Polyradicals

We have pioneered the study of the chemical properties of σ-type carbon-centered aromatic bi- and polyradicals. These studies are based on gas-phase ion-molecule reactions occurring in ion trap mass spectrometers. Some of our research objects are listed below:

Discovery of novel organic bi- and polyradicals via the synthesis of diverse polyradical precursors, such as the ones shown below. These precursors were subjected to collision-activated dissociation in an ion trap mass spectrometer to cleave off the iodine atoms and thereby generate radical sites at the carbons at which they were bound.

 

Figure 7. Synthesis of some iodinated precursors for organic biradicals.

 

Below figure shows an example of the generation of a polyradical in the ion trap mass spectrometer.

 

Figure 8. Generation of a pentaradical by subjecting an iodinated precursor to four CAD events in an ion trap mass spectrometer to cleave of iodine atoms.

 

References:

1. Ma, X.; Feng, E.; Jiang, H.; Boulos, V.; Gao, J.; Nash, J. J.; Kenttämaa, H. I. Protonated Ground-State Singlet meta-Pyridynes React from an Excited Triplet State. J. Org. Chem. 2021, 86, 3249-3260.
2. Max, J. P.; Ma, X.; Kotha, R. R.; Ding, D.; Milton, J.; Nash, J. J.; Kenttämaa, H. I. Reactivity of Organic σ,σ,σ,σ,σ-Pentaradicals. Intl. J. Mass Spectrom. 2019, 435, 280-290.

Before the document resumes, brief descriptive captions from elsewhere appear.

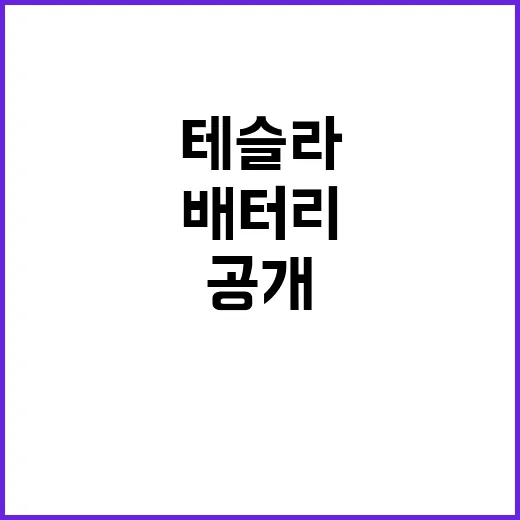 테슬라 차량의 중국…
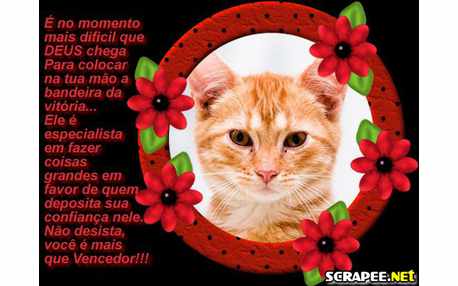 Moldura - Bandeira Da Vitoria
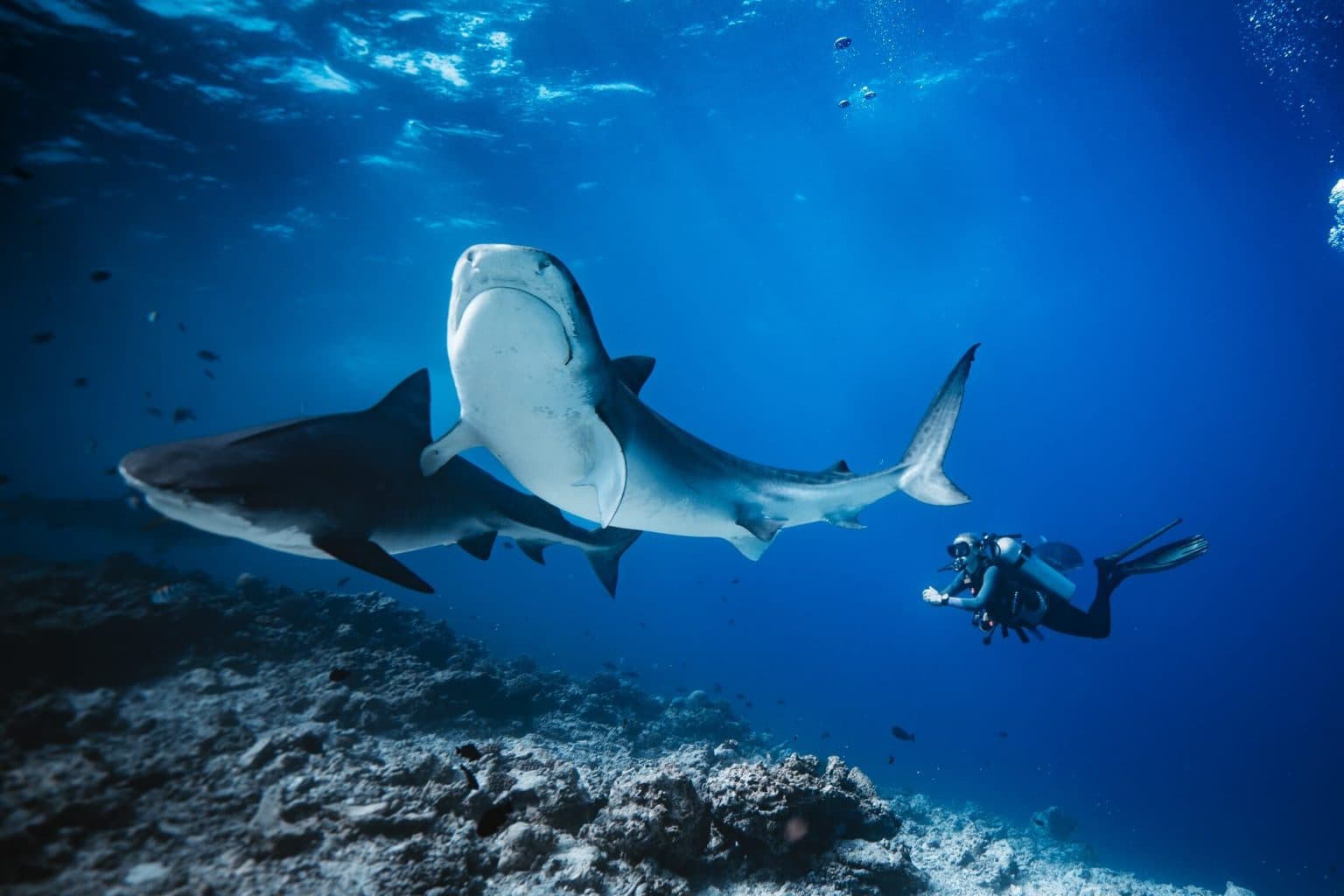 Fuvahmulah Tiger Shark Diving: What ZuBlu Won't Tell You About the Risks and Costs (2026)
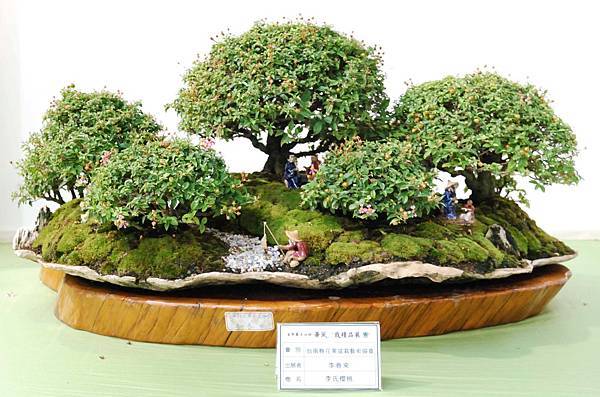 DSC_2822.jpg DSC_2822.jpg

                                         

Examination of the reactivity of the above bi- and polyradicals toward different organic reagents in order to identify their reactivity-controlling factors, such as polar effects (reflected by the calculated vertical electron affinities of the radical sites; see definition of vertical electron affinity below), which lower the energies of transition states via ionic resonance structures as shown below:

 

 

Figure 9. Visualization how polar effects lower the energy of a transition state of a radical reaction.

 

Reference:

1. Heidbrink, J.L.; Ramírez-Arizmendi, L.E.; Thoen, K.K.; Guler, L.; Kenttämaa, H.I. Polar Effects Control Hydrogen-abstraction Reactions of Charged, Substituted Phenyl Radicals. Phys. Chem. A 2001, 105(33), 7875-7884.

 

Examination of the gas-phase reactivity of bi- and polyradicals toward small biomolecules, including small peptides and oligonucleotides, thus exploring the potential of using polyradicals as the biologically active forms of new drugs, such as anti-cancer agents. Shown below is a mechanism of a reaction of a biradical that leads to the cleavage of an oligonucleotide in the gas phase.

 

Figure 10. Gas-phase reaction of a charged biradical with a tetranucleotide.

 

Reference:

1. Widjaja, F.; Max, J.P.; Jin, Z.; Nash, J.J.; Kenttämaa, H.I. Gas-phase Reactivity of meta-Benzyne Analogs Toward Small Oligonucleotides of Differing Lengths. J. Am. Soc. Mass Spectrom. 2017, 28(7), 1392-1405.